Mis à jour le 4 avril 2010 à 20:54

Les investissements étrangers ont créé au Maghreb un vivier de personnel expatrié aux salaires très élevés qui inspirent de plus en plus la grille des salaires locaux. Ainsi, le top management de l’usine tunisienne de Léoni, à Mateur, reçoit des salaires de l’ordre de 60 000 euros par an et bénéficie d’avantages en nature (véhicule, logement, billets d’avion…). Crise oblige, la maison mère révise à la baisse ces contrats depuis début mars.
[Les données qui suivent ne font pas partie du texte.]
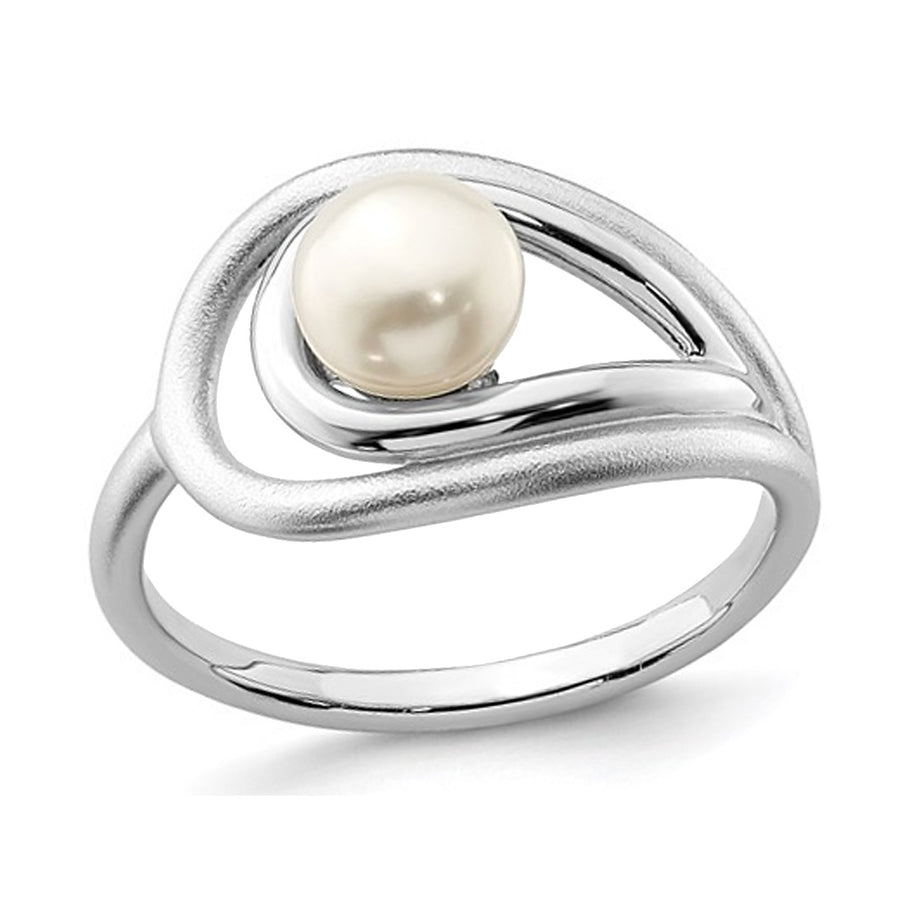 Freshwater Cultured Pearl Ring 6-7mm in Sterling Silver Image 1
Toutefois, certaines rémunérations peuvent encore atteindre des sommets : en Tunisie, le manager d’un important laboratoire pharmaceutique international perçoit des émoluments annuels de 312 000 euros, tandis qu’un responsable marketing, expert en téléphonie mobile dans les pays arabes, a décroché 240 000 euros par an!
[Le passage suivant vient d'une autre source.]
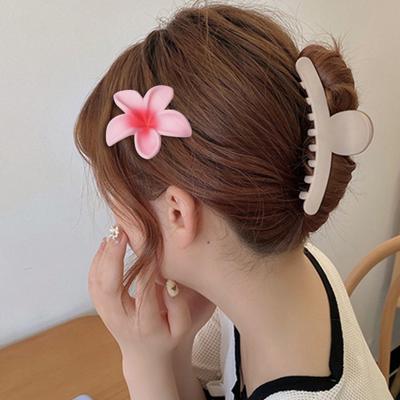 6Pcs Hair Claw Vibrant Color Flower Shape Back Head Large Hair Clip Women Shark Hair Claw Lightweight Hair Accessory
Au Maroc, pour un poste de responsable administratif et financier dans une filiale d’un groupe international d’une centaine de salariés, la rémunération d’un expatrié est de 55 000 à 60 000 euros net par an, avec en outre un bonus (10 % à 15 %) et des avantages en nature. Dans l’offshoring, un patron de filiale de plus de 1 000 salariés peut décrocher 8 000 euros par mois avec une prime mensuelle d’expatriation qui varie de 500 à 1 000 euros. Une rémunération complétée, là aussi, par des avantages en nature : voiture de fonction, prise en charge partielle ou totale du loyer et de la scolarité des enfants, billets d’avion…
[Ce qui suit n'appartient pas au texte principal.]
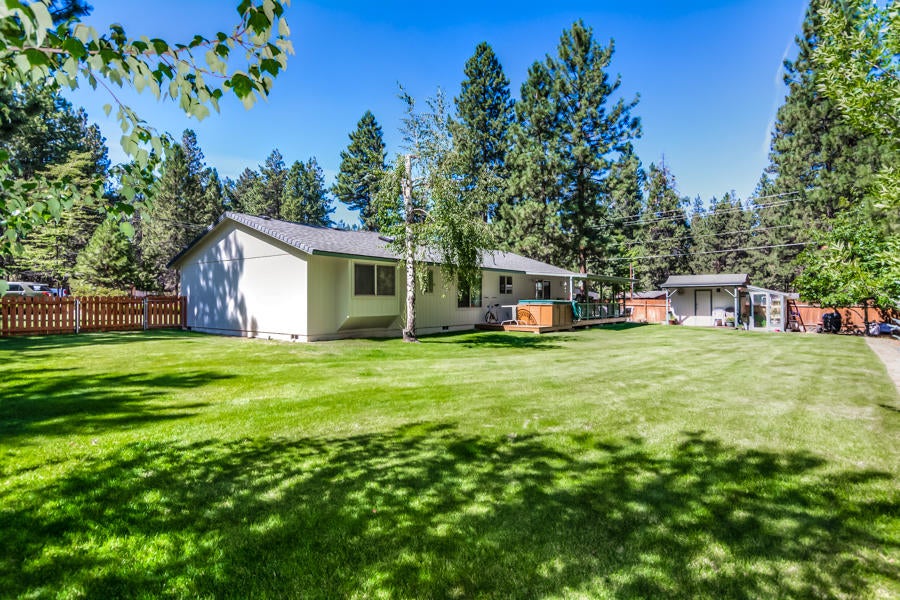 19116 Kiowa Road Bend, OR 97702 - Photo 12 of 38 Backyard, underground timed sprinkler system for front & back.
En Algérie, la rémunération annuelle d’un « expat », comprise entre 70 000 et 80 000 euros net, intègre une prime de risque. Toutefois, le salaire d’un directeur expatrié dans la téléphonie mobile se situe rarement en dessous de 20 000 dollars par mois (14 200 euros) – à comparer aux 3 500 euros que gagne le patron de l’entreprise publique Algérie Télécom, qu’il agrémente il est vrai de nombreux avantages en nature et frais de mission.